The highest court in NZ says a decision to keep safety areas at each end as short as possible was wrong.

The Supreme Court has found the Director of Civil Aviation "erred in law" when he accepted that Wellington Airport's runway safety areas could remain as short as legally possible, even if its runway is extended.

Wellington Airport wants to extend its runway 355 metres to the south to attract long-haul flights from Asia and the Americas.

It proposes keeping its safety areas at the legal minimum of 90 metres because anything longer would be uneconomic.

The runway end safety areas are located at either end of the runway, to minimise the danger of a plane missing, or running off the end of, the runway on take-off or landing.

By law, such safety areas must be at least 90 metres long, extending to 240 metres "if practicable", or the greatest "practicable" distance in between.

Today the Supreme Court ruled the Director wrongly decided that 90 metre safety areas would be acceptable, even if the runway were extended.

The Court said that was based on an outdated approach using cost/benefit analysis, which found longer safety areas were too expensive to justify.

"To that extent, we consider he erred in law. He was required to consider whether safety could be improved," the Court said.

The Director should have considered the economic benefits of the extension for the airport because that could have justified a longer safety area, it said.

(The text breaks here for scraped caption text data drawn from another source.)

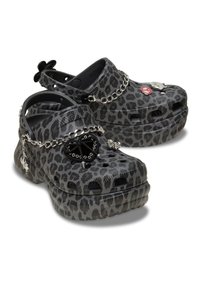 Schwarze und graue Clogs mit Leopardenmuster, Plattformsohle, Belüftungslöcher, Ketten und dekorativen Charms, die eine gemischte Texturierung aufweisen.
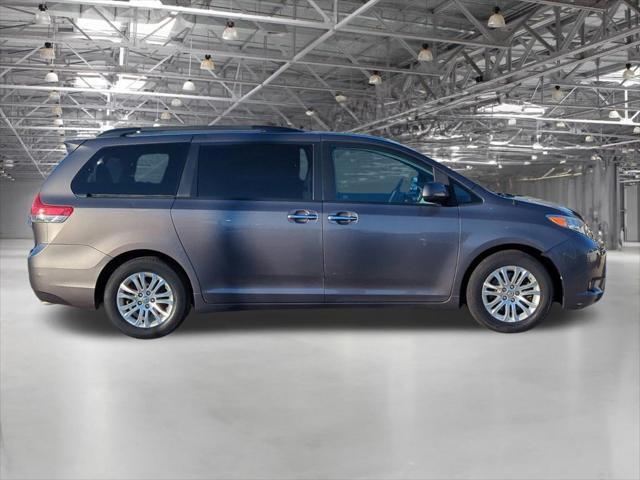 used 2014 Toyota Sienna car, priced at $15,000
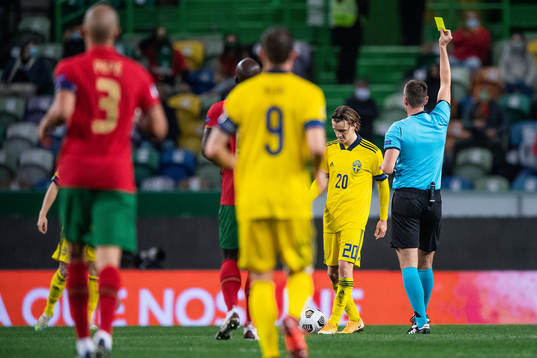 Kristoffer Olsson of Sweden receives a yellow card from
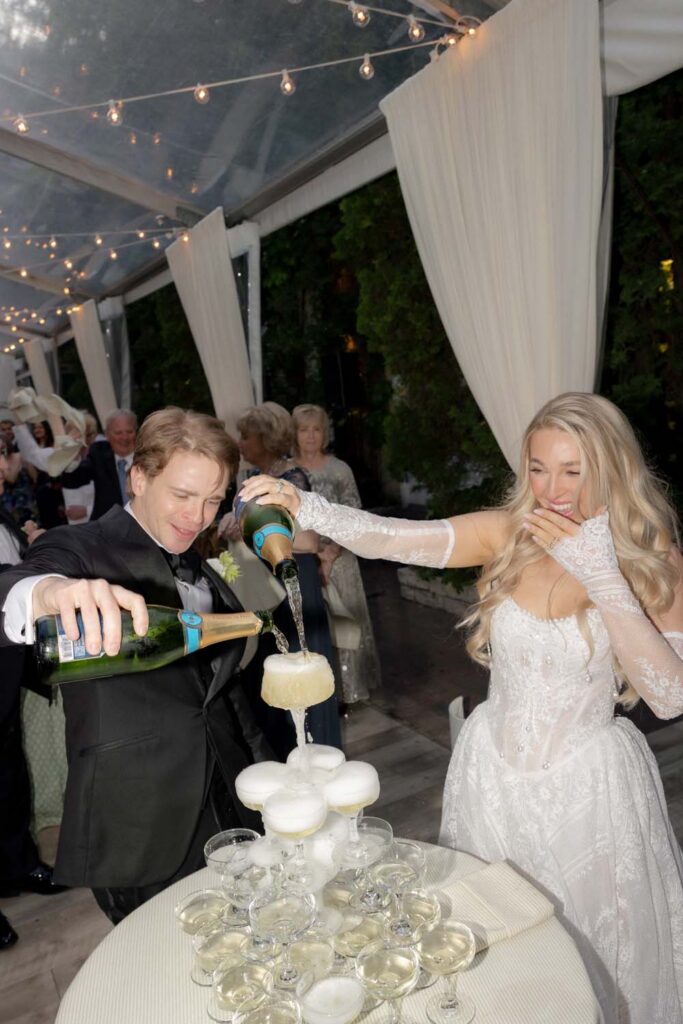 Bride and groom pouring champagne onto the top of a champagne tower at a wedding reception.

The Court also said the Director erred by using the Airport's proposed extension and safety areas as his starting point, rather than the law.

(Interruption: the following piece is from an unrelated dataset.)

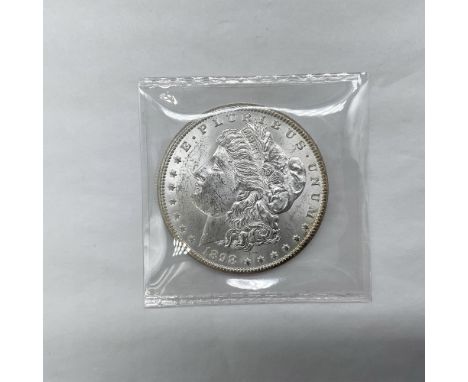 Struck at the now defunct New Orleans Mint. The obverse side features Liberty in profile. She is shown in cap, flora, and cro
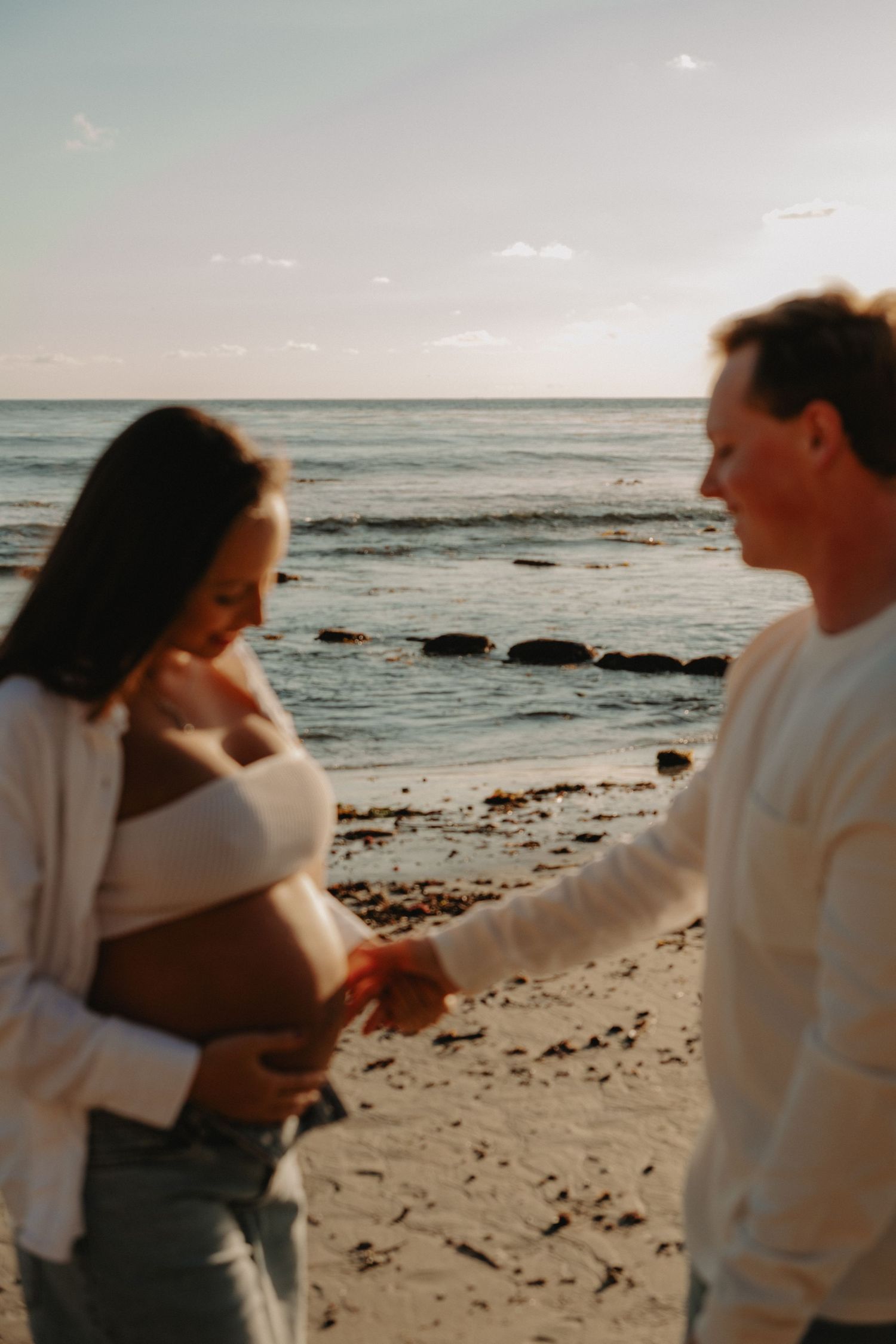 A couple embraces and dances together on a scenic beach at sunset with waves and rocks visible in the background.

Because of the ruling, the Director will now need to reconsider Wellington Airport's proposed runway extension.

In July 2016, the High Court in Wellington backed the decision of a 90-metre safety area for an extended Wellington Airport runway as sufficient, turning down a bid by pilots who wanted a review because they didn't regard it as long enough.

The New Zealand Airline Pilots' Association, representing about 2200 pilots and air traffic controllers, sought to have this High Court decision reviewed, claiming the 90-metre runway end safety area was too short and needed to be 240 metres.

The pilots' view was accepted in the Court of Appeal, and the Supreme court ruling today affirms its objections to the runway extension.

Also, in November 2016, Air New Zealand challenged Wellington Airport's plans for a runway extension as seriously flawed.

The Supreme court ruling today affirms both past objections to the runway extension.